Por los mosaicos multicolores del Prado, caminan dos jóvenes apenas salidos de la adolescencia. El que parece mayor de los dos -el rostro grave y altivo, la boca que vuelve displicente el respirar difícil del asmático- dice algo al menor, que lo sigue, las mejillas todavía rojas de recienvenido de Puente la Reina, el poblado vasco de bello puente romano. Estudiante del Seminario, se ha mostrado ya amante de las buenas letras, muy gustador de las andanadas de Espronceda y de Núñez de Arce que, como única poesía permitida, le aconsejan sus superiores eclesiásticos.
-Pero no, Ángel, eso no es poesía, eso no tiene nada que ver con la poesía. Poesía es «Granada tiene una torre/ con unos arqueros finos…»

Al terminar la frase, ya la falta de aire entrándole a los pulmones lo obliga a una entonación anhelante, intermitente, que parece dar a sus afirmaciones un final aire interrogativo.

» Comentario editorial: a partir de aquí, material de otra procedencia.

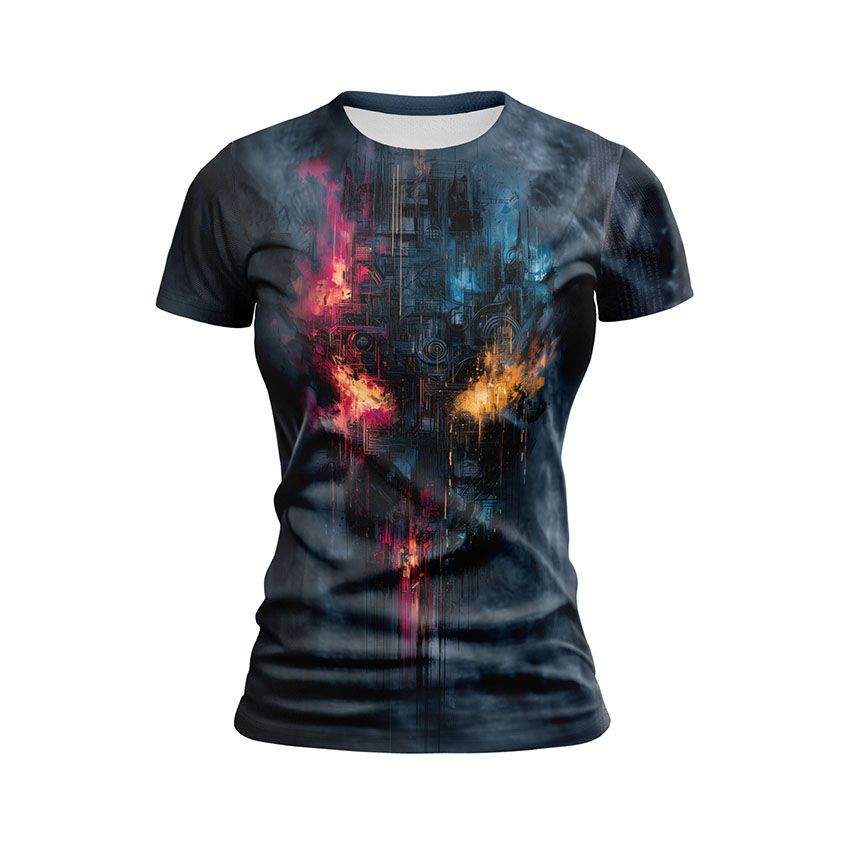 Футболка жіноча спортивна Неонова абстрактна маска-череп Neon Abstract Skull Mask Graphic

-No, no, Ángel, fíjate: unos flecheros finos , eso no te los vas a encontrar en las largas descripciones de Granada. Pescar un fragmento, y darnos toda la esbeltez de un estilo. (¿Sigue hablando o ya sueña?) Es la saeta andaluza que, más que apuntara un blanco, precisa un horizonte. Algo que no significa, sino que es…. Como dice un poeta que quiero que leas: «Es la imagen que engendra el sucedido, la novela…»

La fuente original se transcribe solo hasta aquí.